Chine: Du village de pêcheurs à ville-usine, Shenzhen, "bébé de Deng
Shenzhen et ses gratte-ciel qui regardent fièrement Hong Kong incarne
l'héritage de Deng Xiaoping et de ses réformes à l'origine d'un formidable
boom économique.
Le spectacle l'avait ravi: les rizières, étangs et villages qui s'étendaient à la frontière de Hong Kong avaient cèdé la place à des routes et aux premières tours.
Deng, dont on célèbre le centenaire dimanche, en profitait pour relancer une machine économique grippée depuis les massacres de Tiananmen en 1989. Shenzhen devenait le modèle définitif.
"Si vous voulez faire des affaires à Guangzhou (Canton) et même Shanghai, vous devez être bien avec les responsables locaux. A Shenzhen, pourvu que vous ayiez une bonne idée, un bon produit, vous pouvez réussir", dit Zhang Zhi, 30 ans et patron de ZTV Electronics, une société qui fabrique des équipements de transmission sophistiqués.
Shenzhen est devenue une sorte de second Hong Kong, avec une population de 4 millions d'habitants, contre moins de 30.000 en 1979, sur fond de panneaux publicitaires McDonald's, Nokia, Sharp ou Samsung.
La ville qui se vante aussi d'avoir le premier PIB de Chine par habitant, à 6.510 dollars, a pris au sérieux le conseil de Deng: ceux qui se comportent "comme des femmes aux pieds bandés" sont condamnés à l'échec.
La leçon a été retenue dans la première zone économique spéciale de Chine, alliant investissements étrangers, main d'oeuvre bon marché et priorité à l'économie moderne, de la technologie avancée aux finances en passant par la logistique. Le voisinage de Hong Kong et son ouverture sur l'international a aussi facilité les choses.
Résultat, le secteur high-tech représente aujourd'hui près de la moitié de la production industrielle de la ville en valeur à quelque 30 milliards de dollars.

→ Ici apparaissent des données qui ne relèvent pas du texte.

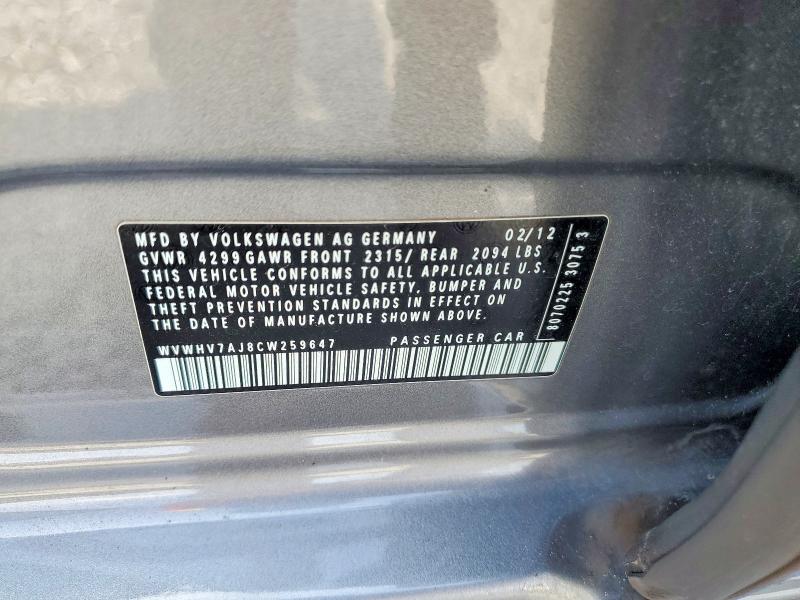 Продажа на аукционе авто 2012 Volkswagen Gti, vin: WVWHV7AJ8CW259647, номер лота: 59194716
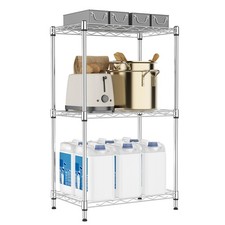 M MZG 3 Tiers Shelf Metal Storage Shelves Wire Rack Closet Organizers with Wheel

M. Zhang raconte avoir tenté de lancer sa société en 1993 dans le Guangxi, région voisine du Guangdong, sans succès. Venu à Shenzhen en 1999, il a profité de la libéralisation. Il emploie aujourd'hui 400 personnes, prévoit de tripler son bénéfice l'an prochain et une entrée à la bourse de Hong Kong.
C'est aussi l'esprit d'entreprise qui a attiré Liu Chao, ancien cadre bien payé d'une société d'ingéniérie de Singapour.

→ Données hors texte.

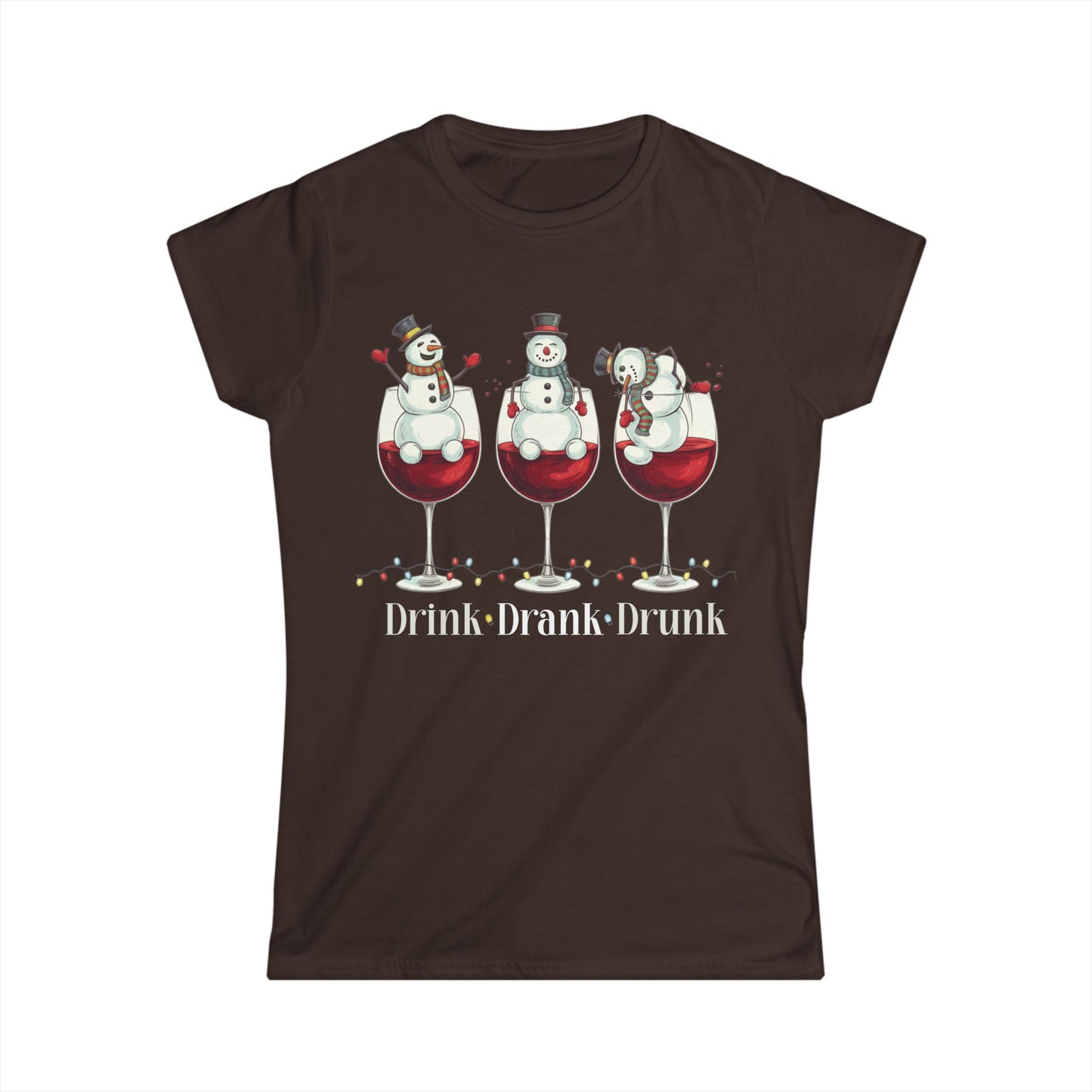 Female T-Shirt - Christmas - Wine Snowmen (01)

"A Singapour, mon avenir était plus prévisible", dit-il.
Mais il a décidé de se lancer et monter Shenzhen Fitok, une société de valves et tubes pour centrales électriques et raffineries de pétrole.

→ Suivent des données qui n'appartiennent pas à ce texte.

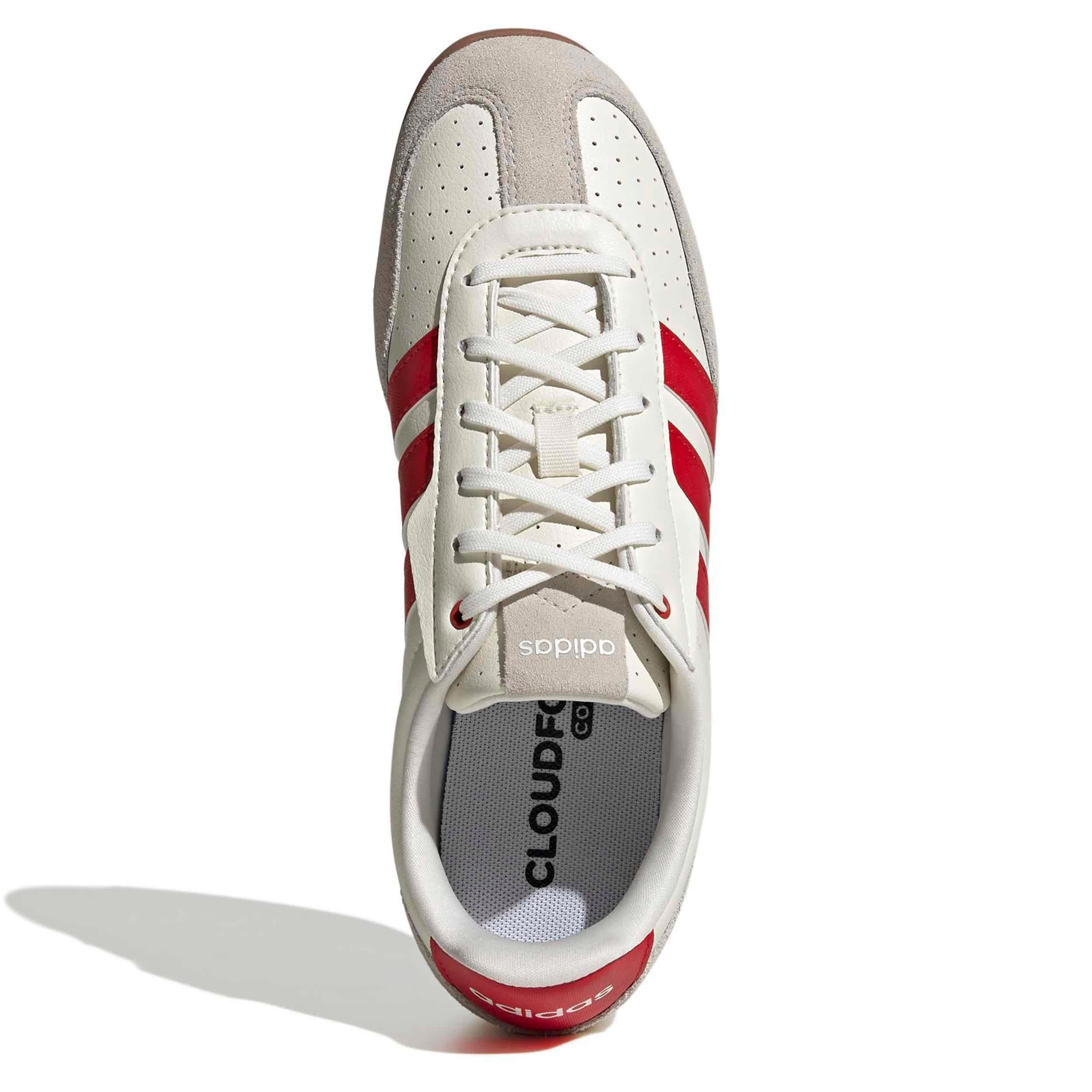 ADIDAS-WOMENS BARREDA LO SNEAKER-OFF WHITE & RED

"Les possibilités sont immenses ici. Nulle part ailleurs vous ne pouvez faire autant d'argent en si peu de temps", ajoute-t-il.
Un des avantages de la ville est qu'elle est une terre d'immigration. Des millions de gens venus de toute la Chine y ont été attirés par son succès et, bien que la langue de la région soit le cantonais, on n'y entend parler que le mandarin.
"Les gens qui viennent à Shenzhen ont une attitude positive, veulent gagner de l'argent et sont prêts à faire des heures supplémentaires", dit M. Liu qui critique la relative passivité du reste du pays.
"La ville est pleine d'énergie", lance-t-il.
Mais les réformes ont aussi un coût social.
A 32 ans, Ye Man, venue de sa province du Shandong (est) il y a douze ans, explique qu'elle est aujourd'hui considérée comme trop agée pour de nombreux emplois.
Yen Wanhai, du Heilongjiang (nord-est), a laissé sa famille pour conduire un taxi à Shenzhen. "Je suis soumis à trop de stress ici. J'arrive à peine à payer mon loyer. Ma famille me manque. Je pense rentrer et profiter du soutien de l'Etat", dit-il.